• EXERCISE DETAILS: Please repeat the lines below, exactly and only, from the one that holds "У Донецьку область" through the one that holds "louren drape cape".

• DATA UNDER STUDY:
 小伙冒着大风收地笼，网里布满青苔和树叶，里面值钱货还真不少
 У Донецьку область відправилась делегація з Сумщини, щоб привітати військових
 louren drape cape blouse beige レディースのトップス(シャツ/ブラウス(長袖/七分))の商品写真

---

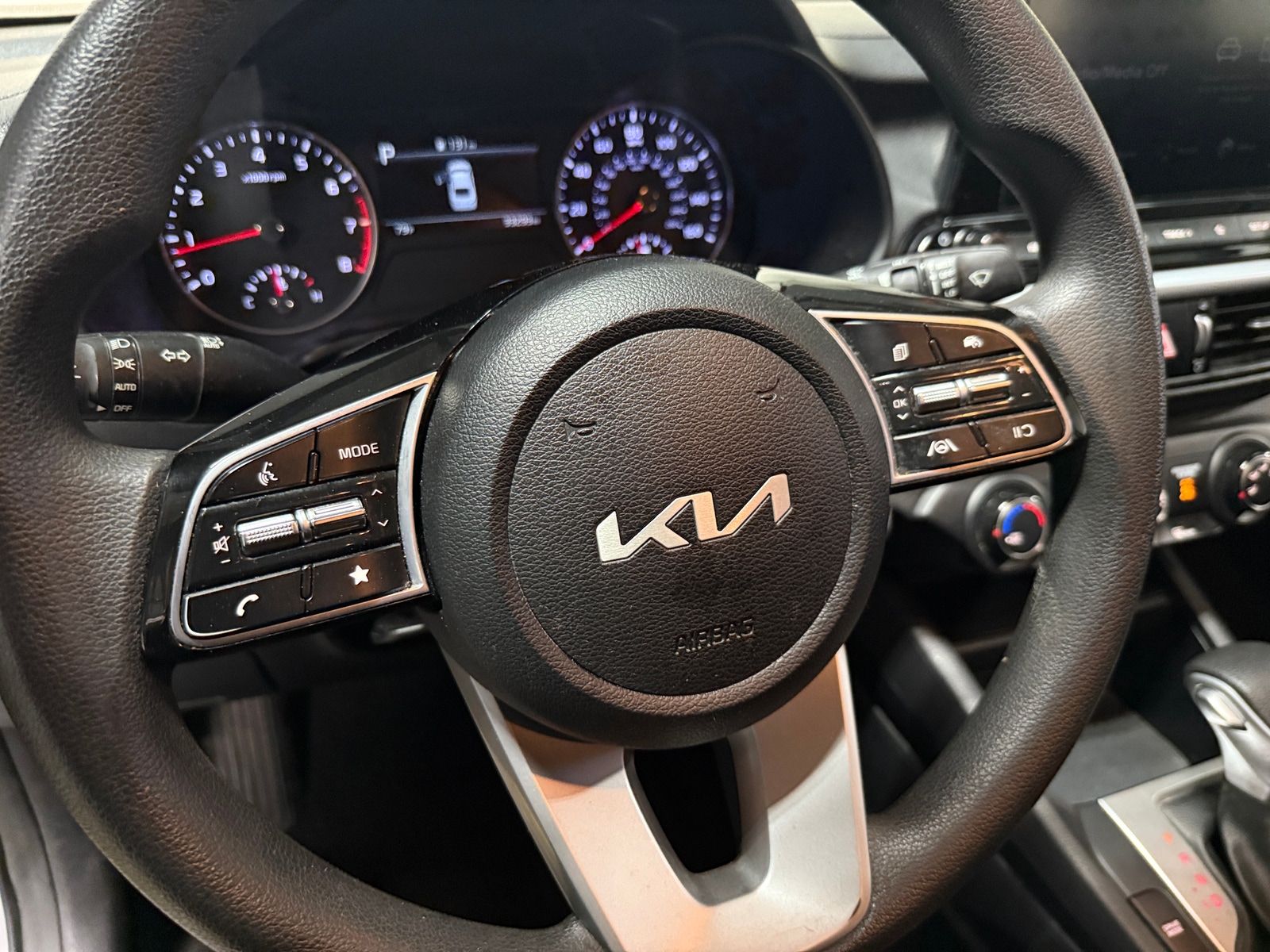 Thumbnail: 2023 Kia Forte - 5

--

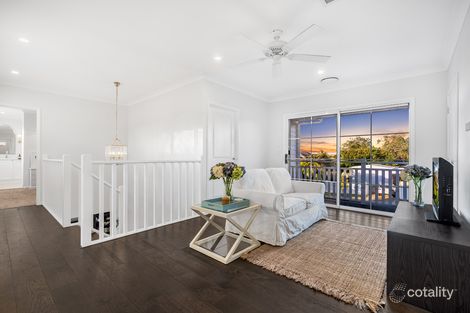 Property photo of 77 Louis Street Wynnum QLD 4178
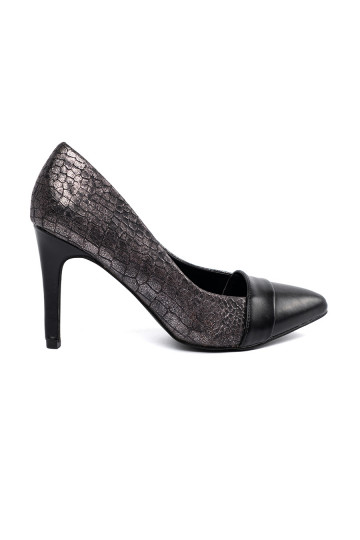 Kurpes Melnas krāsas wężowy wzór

• ANSWER FOR THE TASK:
 У Донецьку область відправилась делегація з Сумщини, щоб привітати військових
 louren drape cape blouse beige レディースのトップス(シャツ/ブラウス(長袖/七分))の商品写真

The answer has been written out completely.